=== Section Start ===

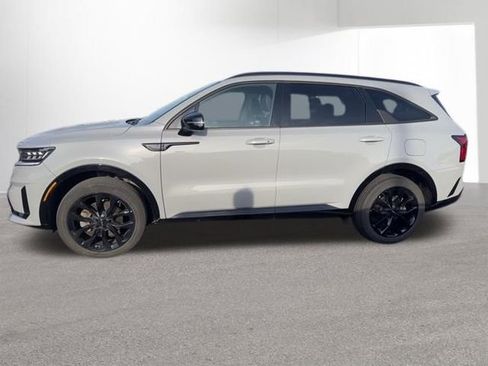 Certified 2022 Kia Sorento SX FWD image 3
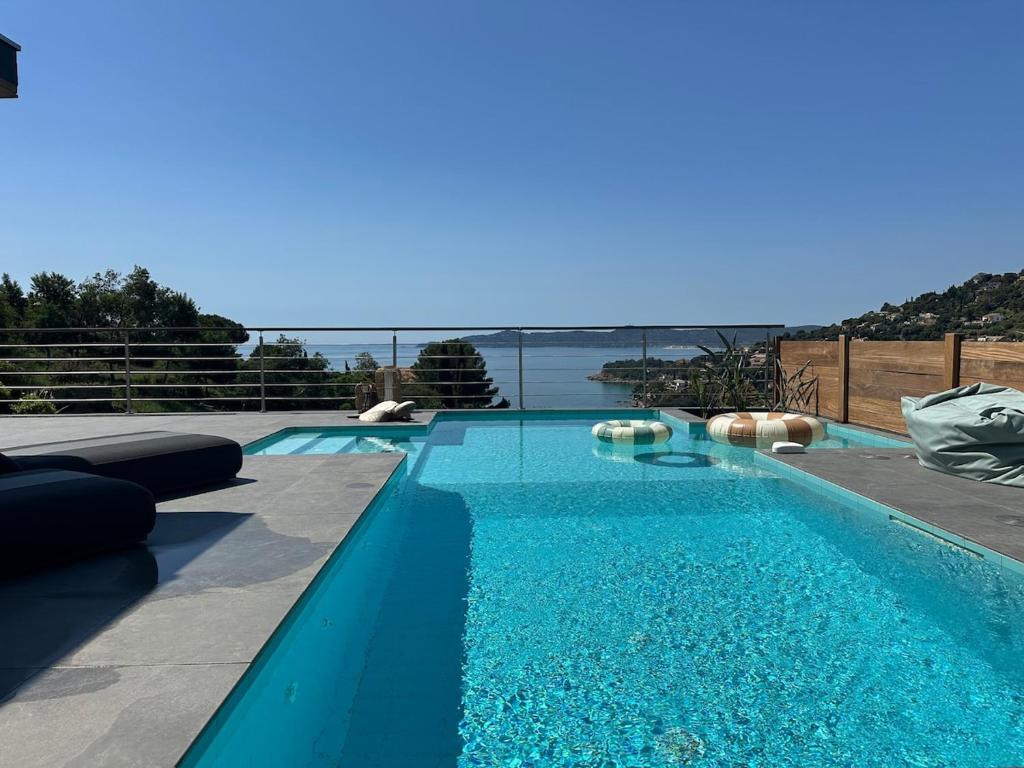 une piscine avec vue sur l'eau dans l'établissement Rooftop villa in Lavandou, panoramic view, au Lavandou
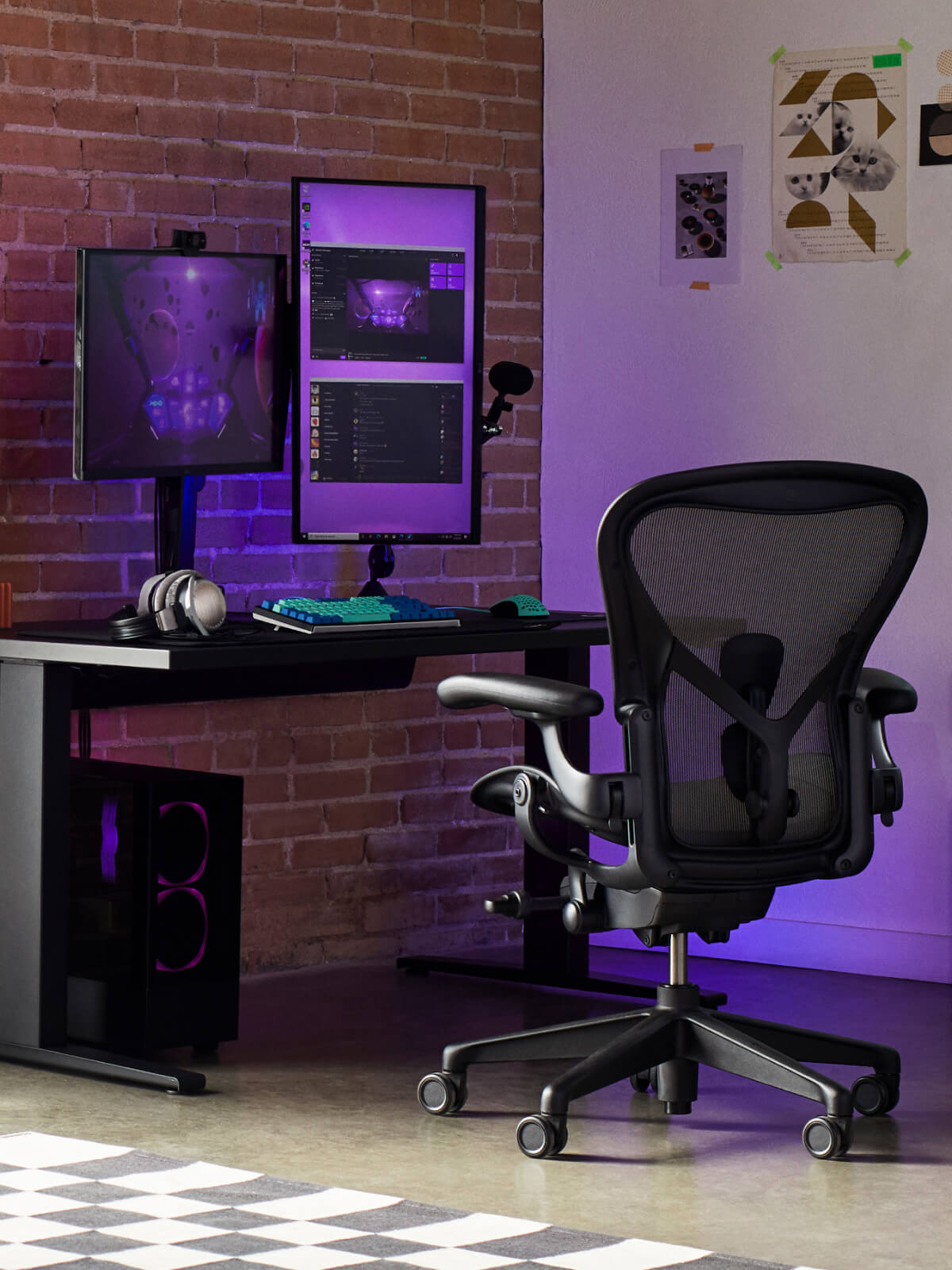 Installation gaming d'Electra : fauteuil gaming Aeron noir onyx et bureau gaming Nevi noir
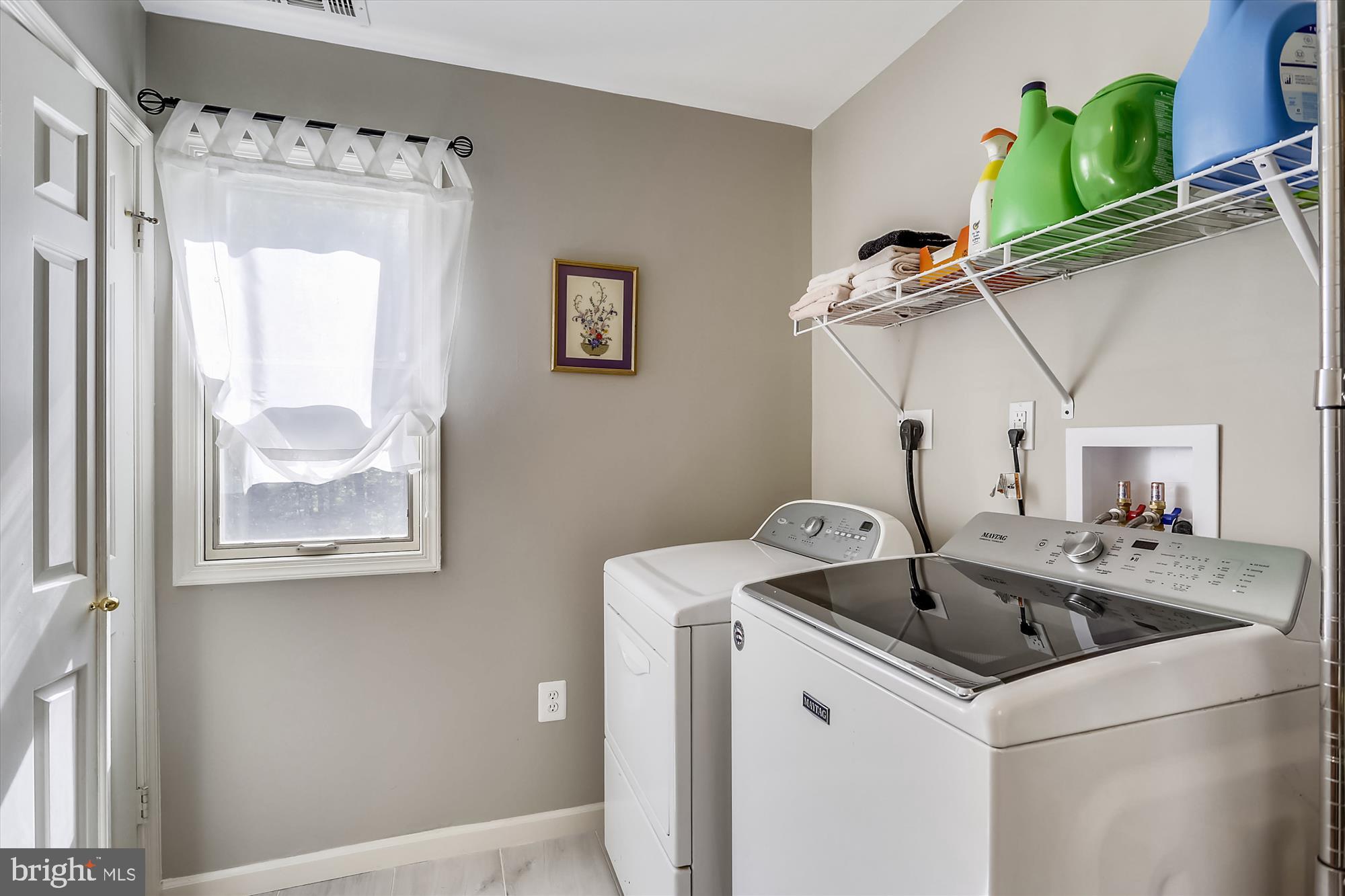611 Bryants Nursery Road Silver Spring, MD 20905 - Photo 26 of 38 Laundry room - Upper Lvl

=== Section End ===

Lines from the one holding "une piscine avec" to the end of the data, both ends included, are to be given again exactly; no pictures belong in the copy.

 une piscine avec vue sur l'eau dans l'établissement Rooftop villa in Lavandou, panoramic view, au Lavandou
 Installation gaming d'Electra : fauteuil gaming Aeron noir onyx et bureau gaming Nevi noir
611 Bryants Nursery Road Silver Spring, MD 20905 - Photo 26 of 38 Laundry room - Upper Lvl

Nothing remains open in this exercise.